What this task involves: Quote the lines below from the one containing "sweet(スウィート) 2025年7月号 : おかど書店Yahoo!店" to the final line, both ends included; exclude the pictures.

Provided data:
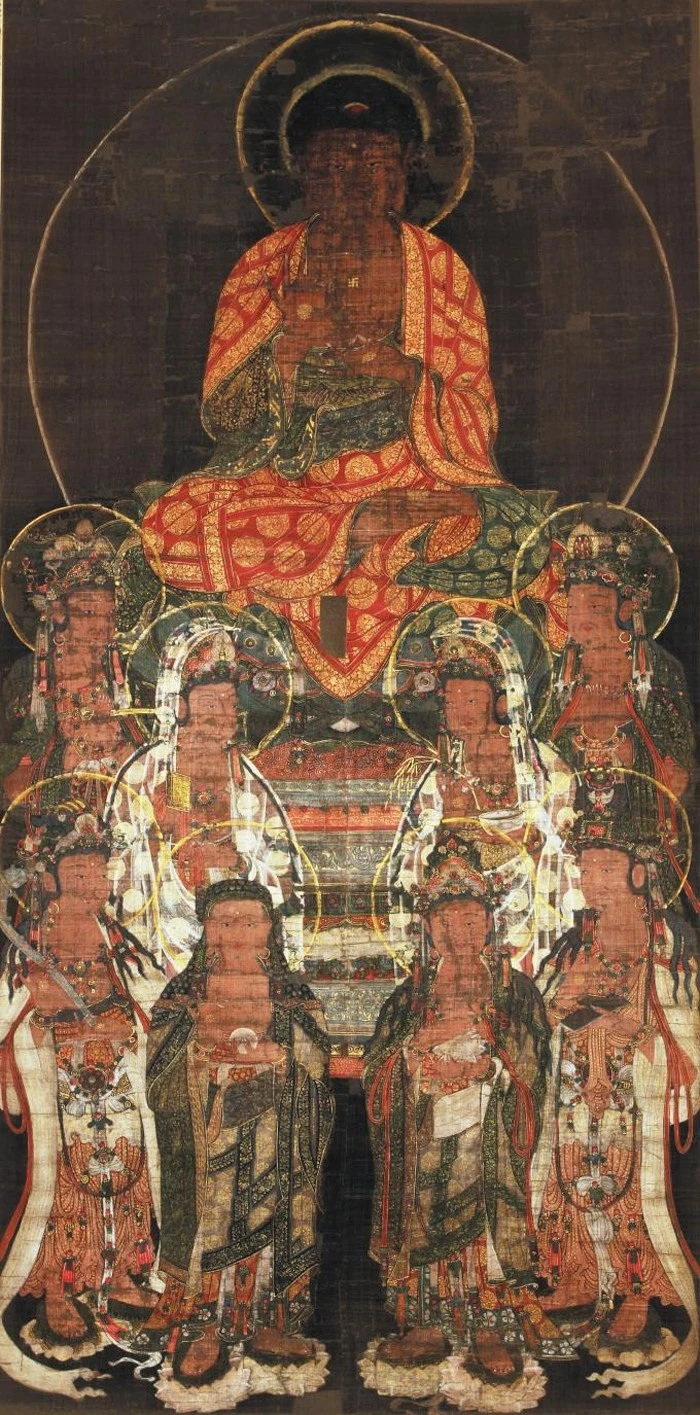 %EC%95%84%EB%AF%B8%ED%83%80%ED%8C%94%EB%8C%80%EB%B3%B4%EC%82%B4%EB%8F%84-%EC%97%94%EB%9E%B4%EC%BF%A0%EC%A7%80.jpg?type=w1600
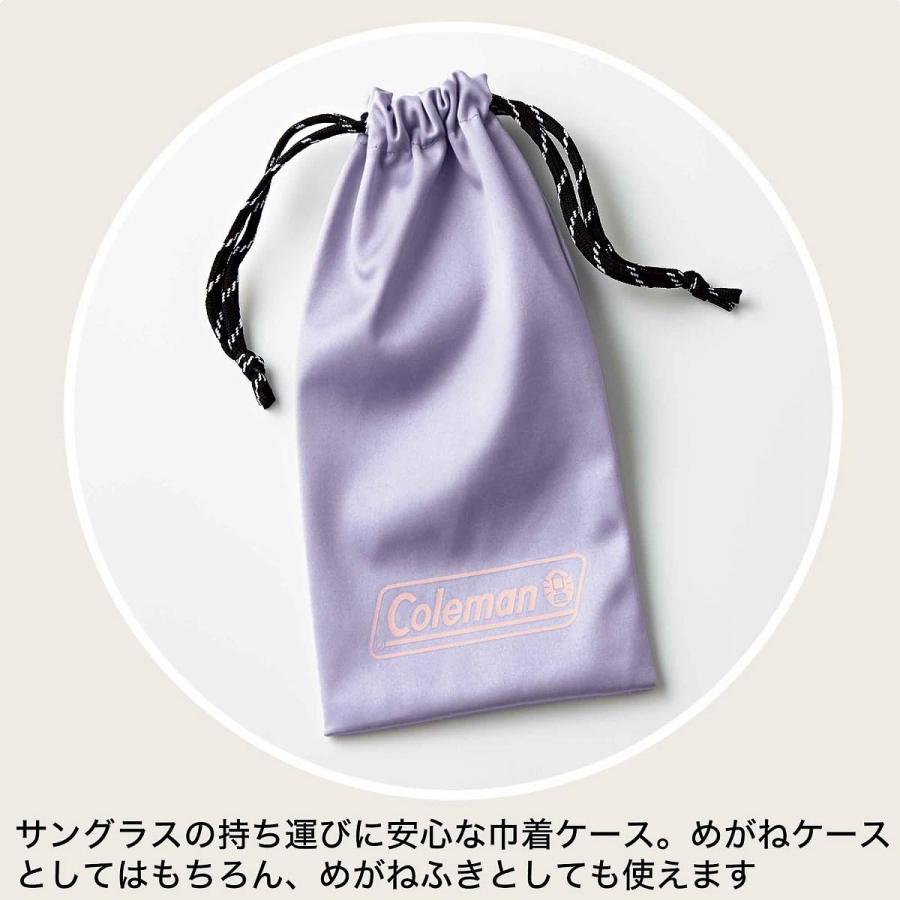sweet(スウィート) 2025年7月号 : おかど書店Yahoo!店 - 通販 - Yahoo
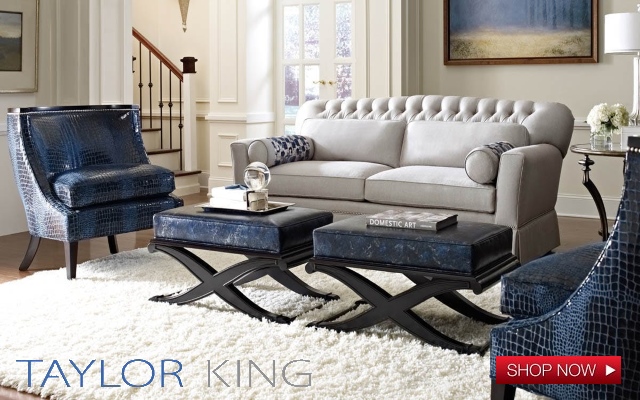 Taylor King Furniture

Solution to the problem:
sweet(スウィート) 2025年7月号 : おかど書店Yahoo!店 - 通販 - Yahoo
 Taylor King Furniture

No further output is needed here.